Chaotic particle motion in large amplitude whistler wave in the magnetosphere

Summary form only given, as follows. The motion of it single charged particle in the large amplitude wave field is investigated. In the magnetosphere, energetic charged particles in the radiation belts are trapped by Earth´s magnetic field. In the equatorial region where a symmetric mirror field may be assumed, these particles undergo bounce motion along the lines of force. When a large amplitude quasi-electrostatic whistler wave is present, the motion of the particles is expected to be perturbed, particularly when the wave frequency comes close to a harmonic or sub harmonic of the bounce frequency. The nonlinear interaction due to the spatial dependence of field quantities is expected to cause the motions of some of the trapped particles to become chaotic. We initially restrict our attentions to the case of one dimensional motion along the magnetic field lines.

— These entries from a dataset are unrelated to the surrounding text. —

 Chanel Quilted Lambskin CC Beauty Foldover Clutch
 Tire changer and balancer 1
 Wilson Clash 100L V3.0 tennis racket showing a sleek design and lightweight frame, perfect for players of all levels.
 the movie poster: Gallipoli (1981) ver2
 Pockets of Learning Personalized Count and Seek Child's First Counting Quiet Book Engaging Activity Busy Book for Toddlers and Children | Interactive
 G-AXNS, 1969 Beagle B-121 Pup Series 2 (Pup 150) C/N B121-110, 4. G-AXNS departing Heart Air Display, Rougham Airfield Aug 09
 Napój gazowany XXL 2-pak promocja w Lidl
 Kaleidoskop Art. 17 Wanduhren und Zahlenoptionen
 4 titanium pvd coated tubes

The equations of motion for a single particle are integrated numerically, and the results investigated in a three dimensional phase space (z,p/sub z/,t), where z and p/sub z/ are the components of position and canonical momentum along the geomagnetic field. This analysis lends itself well to the surface of section technique, which provides information on the location of fixed points, regions of regular orbits, and chaotic regions. In the chaotic regions the particle motion resembles that of a random walk. This can lead to particle diffusion into the loss cone, and thus particle precipitation along the magnetic field lines into the high latitude regions.